Thank you, Mr Deputy Speaker, for the opportunity to contribute to this debate. I have two fundamental objections to the Bill. First, it continues the Government’s cruel and counterproductive austerity agenda, which is both socially destructive and economically illiterate. Secondly, it flies in the face of the Government’s own rhetoric about the threat of climate change to our economy, society, security and wellbeing. Not only does it ignore the public interest in mitigating climate risk, but it fails to realise the economic benefits to the UK of being at the forefront of the global transition to a zero-carbon, resource-efficient, sustainable economy.
Over the past few months, hundreds of leading UK businesses—not just environmentalists—have repeatedly called on the Chancellor to prioritise green investment and climate action, warning that the UK’s green economy is at a crossroads without clear policy direction. It is astonishing that, this year of all years, when the Government say that we need a bold agreement at the climate summit in Paris, the Treasury is undermining both the UK’s reputation and, more importantly, the chances of meeting our own emission targets. It is hard to see how the Government really do think that “Do as I say, not as I do” demonstrates any real leadership.
One such backward provision in this Bill is the change to vehicle excise duty. The Government claim that
“the new VED system will be reviewed as necessary to ensure that it continues to incentivise the cleanest cars.”
Yet once again there is a gaping chasm between the spin and the substance, because while zero-emission vehicles still pay nothing—so no change there—high-polluting cars will pay far less tax than at present. Again, it is not only those concerned with air pollution and climate change who are pointing out the idiocy of this measure. Once more the Chancellor has managed to unite industry and environmentalists, with the Society of Motor Manufacturers and Traders saying that
“the new regime will disincentivise take up of low emission vehicles. New technologies such as plug-in hybrid, the fastest growing ultra low emission vehicle segment, will not benefit from long-term VED incentive, threatening the ability of the UK and the UK automotive sector to meet ever stricter CO2 targets.”
The hon. Lady cannot have it both ways: she is either anti-austerity or she is not. The measures on VED that the Chancellor introduced in this Budget were to help low-income families who cannot afford a new car. Under the previous system, people who could afford to change their car were paying less VED than those who could not afford to do that. What does she say to the hard-working families in her constituency who will benefit from this measure?
I say to the hard-working families in my constituency that I do not see why they have to choose between austerity and a greener world. We can have both if we have a bit of leadership, which this Government have been so conspicuously failing to provide. Why should only richer people be able to afford greener cars?
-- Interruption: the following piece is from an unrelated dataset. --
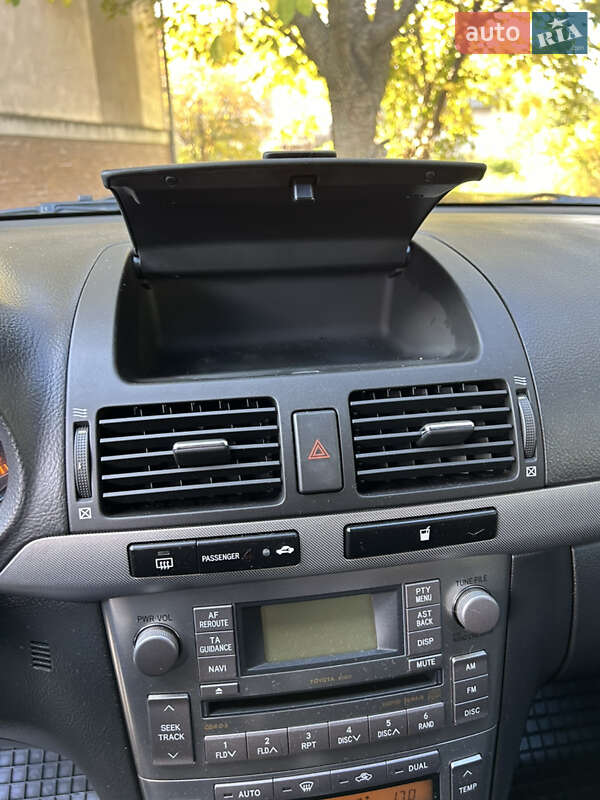 Седан Toyota Avensis 2008 в Сокирянах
No, we want to make greener cars the norm, because it is the poorest people who suffer from the air pollution that is caused by the cars that this Government are happy to have all over our roads. The hon. Lady’s question was wrong and misguided. I am very proud to say that I am standing up for some of the poorest people in my constituency, who should be able to have decent air quality as well as not suffering from the horrendous austerity that her Government are rolling out in front of them right now. In case the Chancellor has not noticed, air pollution in the UK is a serious public health crisis that is leading to 29,000 premature deaths every year. I would love to hear what the hon. Lady says to her constituents when they are facing that degree of air pollution and health imbalance as a result of her Government’s policies.
I would love to hear it, but not that much, so I am going to continue.
Then we have the senseless proposal to tax renewable energy as if it were a fossil fuel by removing the climate change levy exemption for renewables.